No pictures go into the copy. Write out exactly the lines below from the one containing "New 2026 Porsche Macan GTS AWD/4WD image 15" through the one containing "Теплый прием в трапезной монастыря".

=== Records shown ===

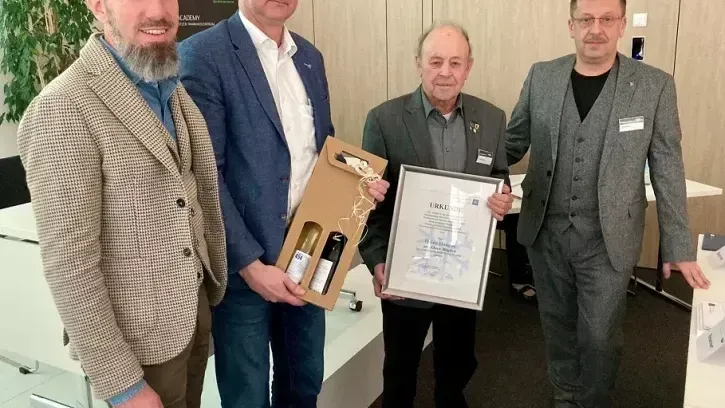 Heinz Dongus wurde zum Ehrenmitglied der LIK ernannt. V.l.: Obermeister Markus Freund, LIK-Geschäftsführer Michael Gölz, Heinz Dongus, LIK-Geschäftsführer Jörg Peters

===
=== Records shown ===

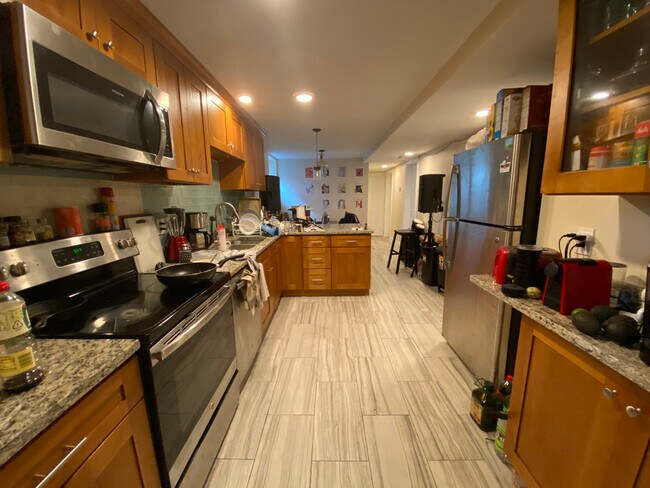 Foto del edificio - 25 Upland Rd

===
=== Records shown ===

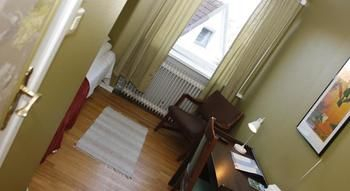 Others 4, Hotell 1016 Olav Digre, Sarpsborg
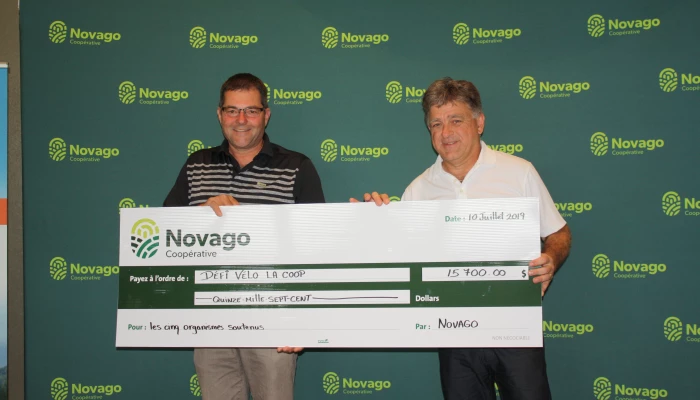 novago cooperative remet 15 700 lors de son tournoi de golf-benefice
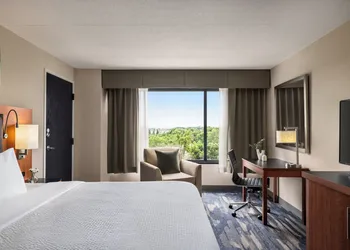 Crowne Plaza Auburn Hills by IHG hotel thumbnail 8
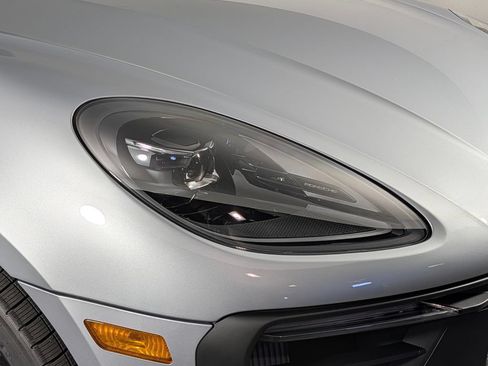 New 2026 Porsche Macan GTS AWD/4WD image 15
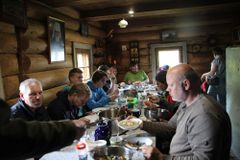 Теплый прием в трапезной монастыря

===

- **Answer for this exercise**
 New 2026 Porsche Macan GTS AWD/4WD image 15
 Теплый прием в трапезной монастыря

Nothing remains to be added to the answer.